Pascal Canfin : Pour notre entretien, j’ai choisi quatre livres qui, je crois, me résument assez bien : deux essais, un roman, une BD. Sans surprise, je vais commencer par ma lecture la plus écolo : « Effondrement », de Jared Diamond. Il est devenu un grand classique dans son genre, mais à l’époque il me fut offert par un ami à l’occasion de la naissance de mon fils, en septembre 2007. La dédicace : « Il y a plus gai comme cadeau de bienvenue, mais après tout il sera plus concerné que nous par le débat dont il est question ». C’était il y a quinze ans ! Aujourd’hui, on ne pourrait plus dire qu’on n’est pas concerné par de tels sujets. C’est une lecture très riche, passionnante, concrète, tant sur l’Île de Pâques que les Vikings ou les empires d’Amérique centrale – mais sans jamais tomber dans la caricature, le déterminisme, l’automatisme. Il montre que c’est un ensemble de causes qui conduit à l’effondrement d’une civilisation et que, parmi elles, se trouve la raréfaction des ressources. En toute lucidité, je pense que cela s’applique à notre propre civilisation, accro aux énergies fossiles. On se situe au cœur de la logique de Diamond : c’est ce qui fait la prospérité qui, surexploitée, devient l’une des principales causes de la disparition d’une civilisation.
La différence réside peut-être dans le fait que nous en sommes, nous, pleinement conscients.
Pascal Canfin : Chaque civilisation a du mal à imaginer qu’elle peut disparaître ! C’est, au fond, la question de la mort, y compris individuelle. On fait tout pour éviter de penser à notre propre mortalité. En tant que civilisation, c’est la même chose. Pourtant, cela peut nous arriver, mais il n’y a pas de déterminisme.
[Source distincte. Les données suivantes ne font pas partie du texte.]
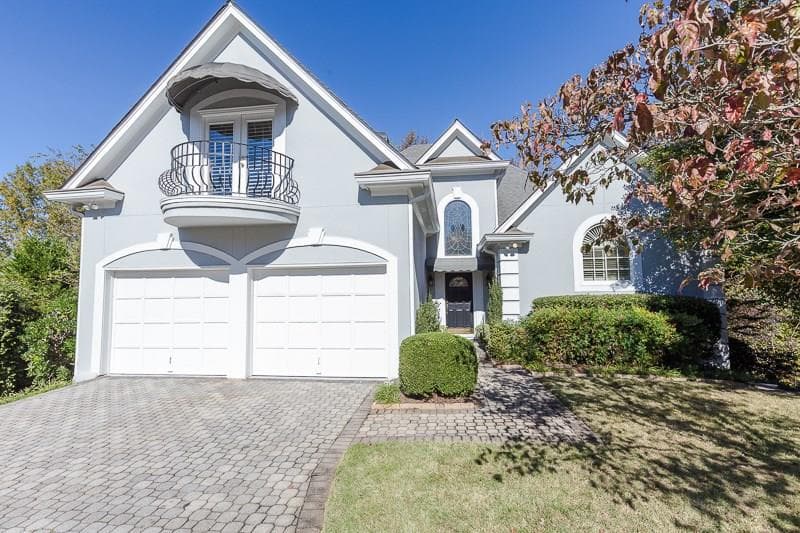 5 bedroom, 5,017 sq ft single family residence sold at 4217 Wieuca Overlook, Atlanta, GA 30342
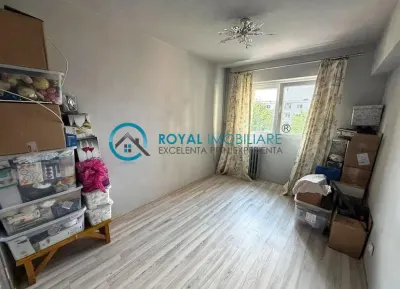 Apartament 3 camere Ploiești - poza 2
Cela correspond à mon état d’esprit politique, qui est de comprendre qu’il s’agit d’un sujet existentiel, sans tomber dans un sentiment collapsologue total, qui nous pousserait à s’installer dans une cabane au fond des bois, et de ne plus rien faire. La force de Jared Diamond est justement de montrer, aussi, des exemples de civilisations qui se sont adaptées, et ont réussi.
La peur de la mort est un tabou très occidental. Ailleurs, comme en Asie, comment la perception de notre propre finitude peut-elle influencer les choix politiques ?
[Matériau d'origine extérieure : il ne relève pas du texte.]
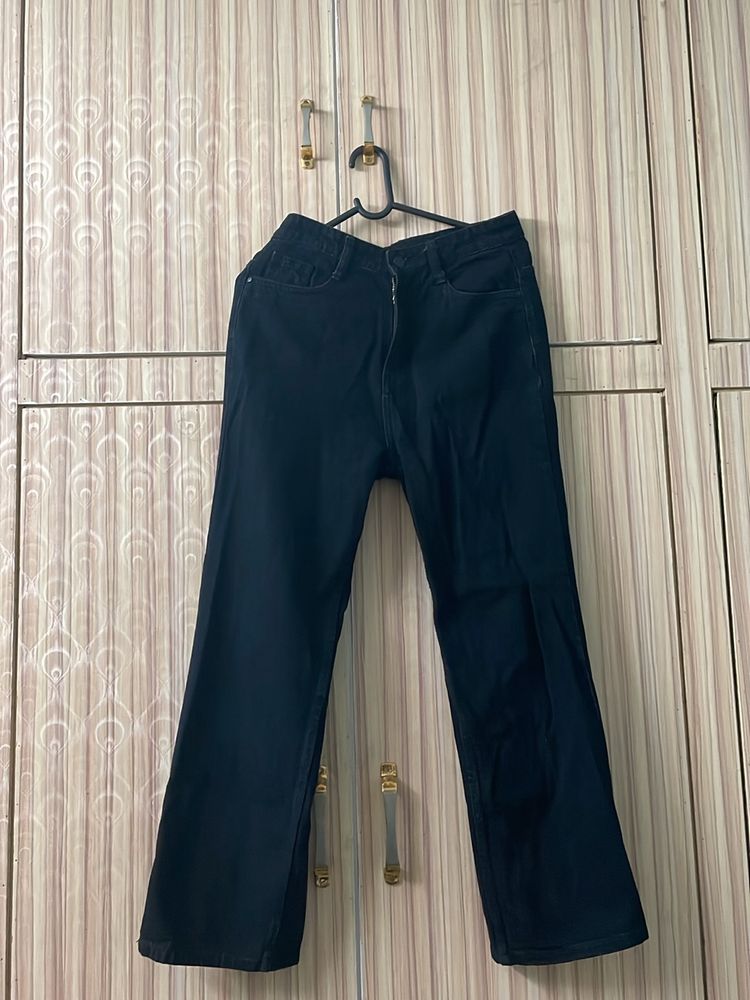 Black Straight Fit Jeans (Regular Waist)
Pascal Canfin : Les fondamentaux du régime chinois d’aujourd'hui sont basés sur la puissance. Et si en 2050, un siècle après la prise de pouvoir communiste, les critères de la puissance n’ont pas changé, restant géopolitiques, militaires, technologiques ou économiques, alors ils emprunteront le même chemin que les Occidentaux. J’aimerais me tromper mais je ne vois pas de différences fondamentales d’approche de la part du régime chinois.
Sauf qu’ils en subiront plus vite les conséquences.
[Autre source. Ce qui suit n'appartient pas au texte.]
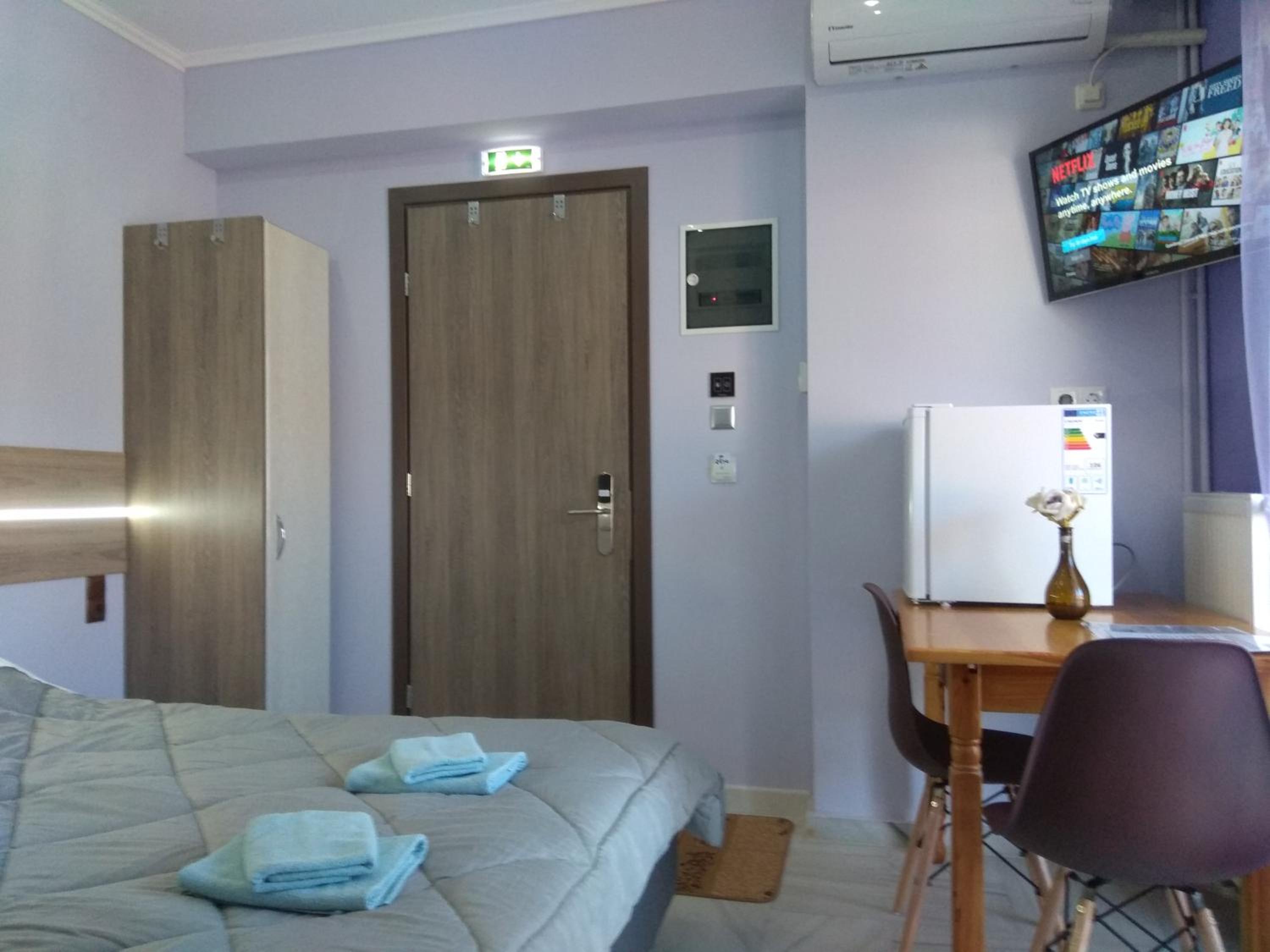 Standard Double Room - Photo 3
Pascal Canfin : Justement : dans le système extraordinairement peu résilient qu’est la dictature communiste, les Chinois ont-ils la capacité de mettre sur la table d’autres critères de puissance ? Honnêtement, le mantra de Xi Chi Ping de « civilisation écologique » est-il un greenwashing à la chinoise ou un réel élément stratégique ? J’ai plutôt tendance à penser qu’il s’agit du premier.
Mais la leçon de Diamond est que l’histoire n’est jamais écrite à l’avance. Pour ma part, j’estime que c’est en Europe qu’on doit inventer le système de valeurs qui est adapté à une civilisation zéro carbone. C’est le cœur du Green Deal européen : inventer ce modèle de prospérité, en démocratie, avec un modèle social stable. C’est bien un enjeu civilisationnel.
Avec comme objectif de figurer dans la postface d’une réédition du livre de Jared Diamond ?
Pascal Canfin : C’est exactement ça ! (Rires) J’adorerais que l’Europe puisse trouver et diffuser la recette de la résilience face à l’effondrement.
Outre le thème écologique, avez-vous choisi « Effondrement » parce qu’il était symbolique du type de livres et d’essais que vous lisiez alors, en tant que journaliste ?
Pascal Canfin : Non, je lis toujours plus d’essais que de littérature. J’ai besoin de me nourrir de ce type de réflexions. En réalité, je l’ai pris parce que, dans mon parcours de vie, ce fut un vrai bouleversement. En lisant ce livre, je me suis dit : « mais c’est nous ! » J’estime que c’est une brique essentielle pour comprendre le monde tel qu’il est.